## Short text fragments from websites
**********

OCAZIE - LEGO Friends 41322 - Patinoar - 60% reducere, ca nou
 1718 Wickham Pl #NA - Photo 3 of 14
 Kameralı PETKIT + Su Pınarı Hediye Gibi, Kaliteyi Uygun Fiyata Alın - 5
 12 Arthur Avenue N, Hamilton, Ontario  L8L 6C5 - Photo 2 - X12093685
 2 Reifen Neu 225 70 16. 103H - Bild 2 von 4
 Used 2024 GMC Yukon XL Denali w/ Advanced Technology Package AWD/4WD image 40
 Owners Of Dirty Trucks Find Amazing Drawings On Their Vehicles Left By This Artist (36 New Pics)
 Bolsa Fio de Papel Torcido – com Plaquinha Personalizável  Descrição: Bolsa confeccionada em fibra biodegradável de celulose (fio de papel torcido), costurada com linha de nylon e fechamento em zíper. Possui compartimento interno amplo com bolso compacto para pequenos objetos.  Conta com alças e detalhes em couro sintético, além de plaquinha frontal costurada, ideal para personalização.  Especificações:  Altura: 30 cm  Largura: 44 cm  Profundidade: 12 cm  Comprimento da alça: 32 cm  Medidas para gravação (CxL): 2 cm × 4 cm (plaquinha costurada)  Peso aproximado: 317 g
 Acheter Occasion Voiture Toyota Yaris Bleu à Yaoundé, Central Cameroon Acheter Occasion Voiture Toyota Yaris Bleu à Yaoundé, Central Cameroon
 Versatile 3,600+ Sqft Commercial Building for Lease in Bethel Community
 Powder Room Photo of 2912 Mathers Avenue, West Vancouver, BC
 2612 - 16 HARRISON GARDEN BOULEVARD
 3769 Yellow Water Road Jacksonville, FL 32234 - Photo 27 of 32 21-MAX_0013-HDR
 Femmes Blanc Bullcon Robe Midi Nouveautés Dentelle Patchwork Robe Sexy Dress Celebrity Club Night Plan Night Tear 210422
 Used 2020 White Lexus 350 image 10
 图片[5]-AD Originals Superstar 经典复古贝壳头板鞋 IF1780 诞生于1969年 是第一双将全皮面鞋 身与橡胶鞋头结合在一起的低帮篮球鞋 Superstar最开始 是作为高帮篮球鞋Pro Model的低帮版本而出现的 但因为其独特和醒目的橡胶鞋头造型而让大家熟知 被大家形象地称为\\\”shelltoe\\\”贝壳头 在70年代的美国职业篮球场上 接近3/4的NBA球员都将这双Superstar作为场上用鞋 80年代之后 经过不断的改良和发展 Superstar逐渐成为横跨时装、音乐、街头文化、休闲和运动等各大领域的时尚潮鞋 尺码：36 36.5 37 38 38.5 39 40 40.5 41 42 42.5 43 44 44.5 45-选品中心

**********

## What you have to do
Restate verbatim all lines from the start of the data through the line containing "Owners Of Dirty", with both ends kept.

## Exercise output
OCAZIE - LEGO Friends 41322 - Patinoar - 60% reducere, ca nou
 1718 Wickham Pl #NA - Photo 3 of 14
 Kameralı PETKIT + Su Pınarı Hediye Gibi, Kaliteyi Uygun Fiyata Alın - 5
 12 Arthur Avenue N, Hamilton, Ontario  L8L 6C5 - Photo 2 - X12093685
 2 Reifen Neu 225 70 16. 103H - Bild 2 von 4
 Used 2024 GMC Yukon XL Denali w/ Advanced Technology Package AWD/4WD image 40
 Owners Of Dirty Trucks Find Amazing Drawings On Their Vehicles Left By This Artist (36 New Pics)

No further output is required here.